Task data:

• • • • •

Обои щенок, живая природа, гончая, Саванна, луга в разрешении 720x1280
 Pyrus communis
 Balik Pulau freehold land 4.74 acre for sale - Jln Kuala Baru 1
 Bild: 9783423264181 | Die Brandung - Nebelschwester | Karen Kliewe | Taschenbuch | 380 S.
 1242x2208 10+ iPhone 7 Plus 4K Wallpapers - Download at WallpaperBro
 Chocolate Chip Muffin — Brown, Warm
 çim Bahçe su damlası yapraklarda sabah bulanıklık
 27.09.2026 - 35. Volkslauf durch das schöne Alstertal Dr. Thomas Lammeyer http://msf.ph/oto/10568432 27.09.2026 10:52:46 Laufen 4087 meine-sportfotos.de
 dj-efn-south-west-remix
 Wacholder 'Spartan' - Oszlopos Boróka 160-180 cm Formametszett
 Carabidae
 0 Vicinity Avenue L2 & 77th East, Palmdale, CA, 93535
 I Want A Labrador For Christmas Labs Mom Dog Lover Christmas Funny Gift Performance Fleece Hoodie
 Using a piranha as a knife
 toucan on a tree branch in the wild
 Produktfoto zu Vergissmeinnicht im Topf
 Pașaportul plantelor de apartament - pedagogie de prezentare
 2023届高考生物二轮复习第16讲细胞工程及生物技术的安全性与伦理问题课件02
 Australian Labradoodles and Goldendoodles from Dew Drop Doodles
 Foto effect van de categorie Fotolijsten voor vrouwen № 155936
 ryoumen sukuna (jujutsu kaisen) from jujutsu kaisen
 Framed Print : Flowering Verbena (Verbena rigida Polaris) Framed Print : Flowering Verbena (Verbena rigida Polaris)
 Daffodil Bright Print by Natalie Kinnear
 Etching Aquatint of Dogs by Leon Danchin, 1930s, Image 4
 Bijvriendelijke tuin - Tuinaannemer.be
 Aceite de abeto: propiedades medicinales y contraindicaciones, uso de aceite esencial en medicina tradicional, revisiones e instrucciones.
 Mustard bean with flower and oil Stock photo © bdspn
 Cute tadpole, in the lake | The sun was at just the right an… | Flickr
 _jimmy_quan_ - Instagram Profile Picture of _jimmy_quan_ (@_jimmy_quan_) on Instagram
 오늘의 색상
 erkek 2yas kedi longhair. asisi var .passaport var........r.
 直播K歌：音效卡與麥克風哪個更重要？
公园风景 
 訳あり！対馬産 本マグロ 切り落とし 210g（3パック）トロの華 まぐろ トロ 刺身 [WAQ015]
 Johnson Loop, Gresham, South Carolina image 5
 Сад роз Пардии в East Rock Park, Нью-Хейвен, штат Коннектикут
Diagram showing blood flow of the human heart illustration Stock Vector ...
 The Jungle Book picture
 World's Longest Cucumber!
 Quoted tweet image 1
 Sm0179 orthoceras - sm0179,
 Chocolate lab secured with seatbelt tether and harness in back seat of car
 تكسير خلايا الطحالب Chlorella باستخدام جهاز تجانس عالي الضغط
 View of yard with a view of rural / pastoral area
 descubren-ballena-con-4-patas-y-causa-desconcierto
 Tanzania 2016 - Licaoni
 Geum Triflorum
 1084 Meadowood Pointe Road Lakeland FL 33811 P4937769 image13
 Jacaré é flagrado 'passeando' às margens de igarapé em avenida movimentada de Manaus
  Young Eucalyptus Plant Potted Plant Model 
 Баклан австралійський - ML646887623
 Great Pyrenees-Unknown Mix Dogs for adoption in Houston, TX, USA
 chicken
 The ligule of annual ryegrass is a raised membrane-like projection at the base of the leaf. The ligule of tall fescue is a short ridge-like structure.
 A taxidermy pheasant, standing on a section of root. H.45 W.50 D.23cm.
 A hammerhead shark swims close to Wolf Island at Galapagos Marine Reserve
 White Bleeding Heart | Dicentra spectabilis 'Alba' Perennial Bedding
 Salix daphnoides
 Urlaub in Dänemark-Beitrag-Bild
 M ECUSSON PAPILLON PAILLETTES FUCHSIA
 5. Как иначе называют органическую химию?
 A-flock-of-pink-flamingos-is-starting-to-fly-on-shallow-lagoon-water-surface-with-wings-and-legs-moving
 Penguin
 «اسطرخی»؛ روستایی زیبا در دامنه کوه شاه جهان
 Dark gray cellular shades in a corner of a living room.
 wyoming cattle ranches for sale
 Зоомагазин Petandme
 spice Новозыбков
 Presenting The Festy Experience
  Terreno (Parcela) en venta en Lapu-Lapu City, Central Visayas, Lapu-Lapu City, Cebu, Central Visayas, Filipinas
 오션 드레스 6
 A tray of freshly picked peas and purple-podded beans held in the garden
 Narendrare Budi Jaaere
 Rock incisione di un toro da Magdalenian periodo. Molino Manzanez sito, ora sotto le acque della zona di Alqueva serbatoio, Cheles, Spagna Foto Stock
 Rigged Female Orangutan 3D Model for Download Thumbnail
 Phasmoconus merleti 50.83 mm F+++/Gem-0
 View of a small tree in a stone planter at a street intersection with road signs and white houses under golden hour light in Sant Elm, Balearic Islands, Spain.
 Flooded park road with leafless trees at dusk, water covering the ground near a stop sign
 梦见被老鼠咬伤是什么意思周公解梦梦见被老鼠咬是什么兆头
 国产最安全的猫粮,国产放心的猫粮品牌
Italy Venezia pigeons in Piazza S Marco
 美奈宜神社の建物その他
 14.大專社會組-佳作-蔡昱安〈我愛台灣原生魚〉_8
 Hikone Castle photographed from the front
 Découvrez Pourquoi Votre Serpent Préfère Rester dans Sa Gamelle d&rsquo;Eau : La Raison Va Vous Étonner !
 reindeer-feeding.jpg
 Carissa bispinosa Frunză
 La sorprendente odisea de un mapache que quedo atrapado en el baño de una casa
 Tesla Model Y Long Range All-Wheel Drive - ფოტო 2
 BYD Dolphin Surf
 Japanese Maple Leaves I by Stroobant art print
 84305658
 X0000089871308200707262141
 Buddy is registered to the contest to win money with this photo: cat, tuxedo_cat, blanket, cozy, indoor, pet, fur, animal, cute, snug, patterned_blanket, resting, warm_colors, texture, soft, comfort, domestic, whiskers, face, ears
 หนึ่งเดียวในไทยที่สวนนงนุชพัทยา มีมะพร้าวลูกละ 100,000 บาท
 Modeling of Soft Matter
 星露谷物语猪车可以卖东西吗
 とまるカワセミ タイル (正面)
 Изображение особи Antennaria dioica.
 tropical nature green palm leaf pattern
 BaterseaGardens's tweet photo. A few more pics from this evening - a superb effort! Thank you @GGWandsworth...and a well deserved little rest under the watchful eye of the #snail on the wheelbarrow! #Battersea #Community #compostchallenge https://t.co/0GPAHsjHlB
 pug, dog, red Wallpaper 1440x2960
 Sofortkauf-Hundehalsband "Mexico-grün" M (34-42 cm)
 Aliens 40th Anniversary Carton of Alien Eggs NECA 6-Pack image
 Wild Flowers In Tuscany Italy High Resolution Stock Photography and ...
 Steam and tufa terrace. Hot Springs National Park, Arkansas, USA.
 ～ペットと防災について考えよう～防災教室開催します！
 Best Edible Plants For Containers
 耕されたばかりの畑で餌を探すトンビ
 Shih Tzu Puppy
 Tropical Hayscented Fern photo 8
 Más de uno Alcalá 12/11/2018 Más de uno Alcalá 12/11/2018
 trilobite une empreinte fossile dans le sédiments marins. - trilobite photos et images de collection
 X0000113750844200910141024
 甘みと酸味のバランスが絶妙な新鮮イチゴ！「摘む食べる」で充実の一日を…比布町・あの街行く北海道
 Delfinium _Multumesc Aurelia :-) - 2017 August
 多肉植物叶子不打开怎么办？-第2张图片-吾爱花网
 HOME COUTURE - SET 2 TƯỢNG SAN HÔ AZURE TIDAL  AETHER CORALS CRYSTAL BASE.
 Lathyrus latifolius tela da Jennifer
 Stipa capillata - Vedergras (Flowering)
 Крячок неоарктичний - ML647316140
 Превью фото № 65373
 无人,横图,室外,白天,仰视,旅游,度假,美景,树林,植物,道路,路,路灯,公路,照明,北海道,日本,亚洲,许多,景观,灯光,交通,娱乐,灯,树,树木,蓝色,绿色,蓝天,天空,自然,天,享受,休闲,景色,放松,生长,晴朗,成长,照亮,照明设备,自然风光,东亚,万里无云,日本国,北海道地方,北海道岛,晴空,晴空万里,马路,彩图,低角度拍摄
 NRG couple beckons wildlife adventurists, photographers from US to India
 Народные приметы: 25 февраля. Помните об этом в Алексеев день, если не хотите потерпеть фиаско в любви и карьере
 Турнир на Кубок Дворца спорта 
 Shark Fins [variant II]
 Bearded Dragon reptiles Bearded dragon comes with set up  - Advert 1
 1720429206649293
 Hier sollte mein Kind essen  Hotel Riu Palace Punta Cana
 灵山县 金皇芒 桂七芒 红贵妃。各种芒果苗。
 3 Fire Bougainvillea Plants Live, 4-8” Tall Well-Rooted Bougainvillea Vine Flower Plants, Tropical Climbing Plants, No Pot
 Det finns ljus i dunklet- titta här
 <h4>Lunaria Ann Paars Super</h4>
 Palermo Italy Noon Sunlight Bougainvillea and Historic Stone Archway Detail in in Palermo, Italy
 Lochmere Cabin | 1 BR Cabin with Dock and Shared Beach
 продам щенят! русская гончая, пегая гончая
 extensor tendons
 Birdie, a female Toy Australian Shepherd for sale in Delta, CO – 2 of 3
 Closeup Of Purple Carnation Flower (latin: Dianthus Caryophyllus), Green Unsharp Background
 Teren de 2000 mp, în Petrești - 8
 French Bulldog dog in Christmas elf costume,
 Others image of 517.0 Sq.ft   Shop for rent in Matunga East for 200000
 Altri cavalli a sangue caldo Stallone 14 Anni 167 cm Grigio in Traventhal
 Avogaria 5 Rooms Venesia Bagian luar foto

• • • • •

What to produce: What are the lines above, starting at the one with "Сад роз Пардии" and ending at the one with "Young Eucalyptus Plant Potted Plant Model"? Give them again exactly, and only them.

Solution below:
 Сад роз Пардии в East Rock Park, Нью-Хейвен, штат Коннектикут
Diagram showing blood flow of the human heart illustration Stock Vector ...
 The Jungle Book picture
 World's Longest Cucumber!
 Quoted tweet image 1
 Sm0179 orthoceras - sm0179,
 Chocolate lab secured with seatbelt tether and harness in back seat of car
 تكسير خلايا الطحالب Chlorella باستخدام جهاز تجانس عالي الضغط
 View of yard with a view of rural / pastoral area
 descubren-ballena-con-4-patas-y-causa-desconcierto
 Tanzania 2016 - Licaoni
 Geum Triflorum
 1084 Meadowood Pointe Road Lakeland FL 33811 P4937769 image13
 Jacaré é flagrado 'passeando' às margens de igarapé em avenida movimentada de Manaus
  Young Eucalyptus Plant Potted Plant Model 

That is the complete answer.